Hindus who describe themselves as happily married are often of the opinion that true love can only be realized beyond marriage - and thus beyond central social norms. What exactly is meant by that? Or to put it another way, are queer connections in the sense of non-normative relationships an expression of true love? The answer is a clear no. But their complexity - especially with a view to different ideas inside and outside the social world - will now be discussed here.
2. Love beyond marital boundaries
2.1 The ideal
The ideal of extra-marital love is described in the story of Krishna and Radha. An example of this is the Gitagovinda, a poem dedicated to the worship of Krishna as God. The Gitagovinda describes the passionate love between Krishna and the shepherdess Radha. The literary and religious texts, plays, music, art and film inspired by him extend to the present day. The Krishna story is well known and loved in India.
In the Gitagovinda, Radha is a married shepherdess who is so drawn to the grace of the youthful Krishna that she risks her marriage, social status, and emotional and economic security in order to have her longing for Krishna fulfilled. The entire action takes place outside of social boundaries. Radha crosses the nocturnal forest to get to her rendezvous with her lover. But to her surprise, she finds Krishna in an erotic dance with the other shepherd women in the village. This sight arouses their jealousy, but at the same time increases their desire and arouses their pride. She wants Krishna for herself alone.
The poem describes the emotional states and fantasies that Radha goes through in her unfulfilled desire for Krishna. Krishna alternately turns to her and then turns away from her. The theme of the Gitagovinda is the changing states of separation and union and Radha's growing feelings of jealousy, separation pain, passionate attraction and desire. Their jealousy in times of separation increases their desire, passion and longing for Krishna.
The longing of the Radha, which nourishes passion, becomes the measure of love in the Vaishnava theory , with the following justification. The longing arises and intensifies in the phases of separation, which are inevitable due to the social illegitimacy of this relationship. The inevitable separations make the relationship insecure and uncontrollable for the partner. The meetings are unpredictable and every time there is a fear that this meeting could be the last. The social illegitimacy of this relationship also harbors, at least for Radha, the risk of losing social respect and ultimately material prosperity. In this respect, in contrast to conjugal love, as symbolized by Sita, such a love harbors risks. At the same time, however, it is free from all marital expectations that the partners can place on each other in the socially standardized marital context. Radha is taken care of by her husband, but puts this social and material security at risk for Krishna. She has no conjugal expectations of Krishna, only longs for his love in return.

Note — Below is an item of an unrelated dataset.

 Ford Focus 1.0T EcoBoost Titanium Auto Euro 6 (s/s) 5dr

Radha's love is interpreted as self and unconditional surrender to Krishna. Her devotion is unconditional to a greater extent than that of the Sita, because in the fulfillment of her devotion she cannot expect social security. It is a love that has no self-interest, but sees the greatest happiness in the happiness of the beloved. It is given of one's own free will and has as its goal not one's own pleasure, but only wants to contribute to Krishna's pleasure, the pleasure of the beloved object. The term for this love is prema.

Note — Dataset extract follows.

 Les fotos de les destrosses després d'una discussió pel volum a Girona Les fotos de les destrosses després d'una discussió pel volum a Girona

For these reasons, Radha's love for Krishna (prema) in the Vaishnava tradition as the real Considered love. As such, he takes it bhakti-Path as a model for the search for redemption. In theory, there are two types of salvation goal parakiya(not your own)-Differentiated women: those married to another man (parodha) and the unmarried (kanyaka). Of these two, the love of a married woman is considered more appropriate as a model for salvation due to the fact that love has more to lose from socially illegitimate love. Radha is one parodha-parakiya Woman and is thus the ultimate role model for the ascetic seeking redemption bhakti-Tradition. In search of salvation he must bhaktawho wants to reach the highest state, take the feminine role of Radha in devotion to Krishna.  This applies to both male and female bhakta equally. With the Vaishnava giving the Radha-Krishna relationship the highest priority, erotic love and the sexual impulse of man are given an important place in the search for redemption. Unlike other Hindu traditions of salvation, the body and senses must be in bhakti not to be denied, but here the ability to passion and the longing for union should be used as the driving force for salvation. The earthly sex does not play a role for the devotion to God, only the longing counts. The only condition, however, is to direct human desires to God so that they can be purified  and transformed into the highest state of consciousness.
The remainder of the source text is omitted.